TouroCOM OMS I Nora Martini stopped in for the event before her lab classes began. “I want to write a research article—I’m studying the effects of telemedicine on strokes—so I’m trying to see what I can learn from everyone else.” (TouroCOM had the greatest number of research presentations, almost 40.)
OMS II Megan Winters presented her research on obesity bias in medical students and said that she received feedback on how to improve her study.
“I'm glad Touro provided us the opportunity to not only present our own work to our classmates and professors, but also to other professionals from greater Touro organizations including the pharmacy school,” she said. “Being able to speak with my professors about some of the things they were passionate about researching felt more like collaborating with colleagues than the usual professors lecturing me as a student from behind the podium. Meeting other students, educators, administrators from greater Touro was wonderful. I loved seeing some of the ideas that students from the business school and pharmacy school were pursuing, especially those that extended to research worldwide.”
LCW professor Dr.
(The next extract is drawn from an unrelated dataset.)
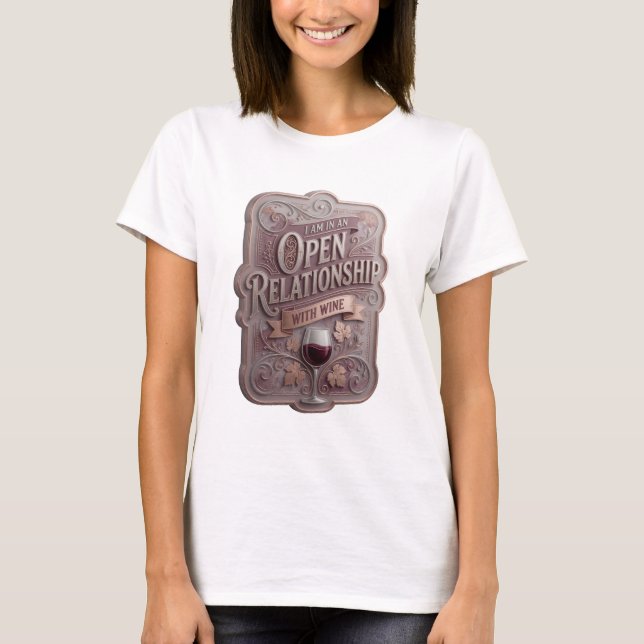 Camiseta Ouro Nítido EU ESTOU NUM RELACIONAMENTO ABERTO COM (Frente)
Deborah Blau brought in several LCW students to support their classmate as well as to give them a sense of the possibilities for their own future careers. “Events like this pave the way forward for our students in their own pursuits,” she said.
Lander College of Arts and Sciences (LAS) student Leah Frimerman presented her research on directing gene expression in stem cell to treat Epidermolysis Bullosa (otherwise known as the butterfly disease). She performed her research under Dr. Brian Chiswell of New York School of Career and Applied Studies (NYSCAS) at the TouroCOM Harlem lab.
“Research Day is an opportunity for us to see the other research being conducted,” she said.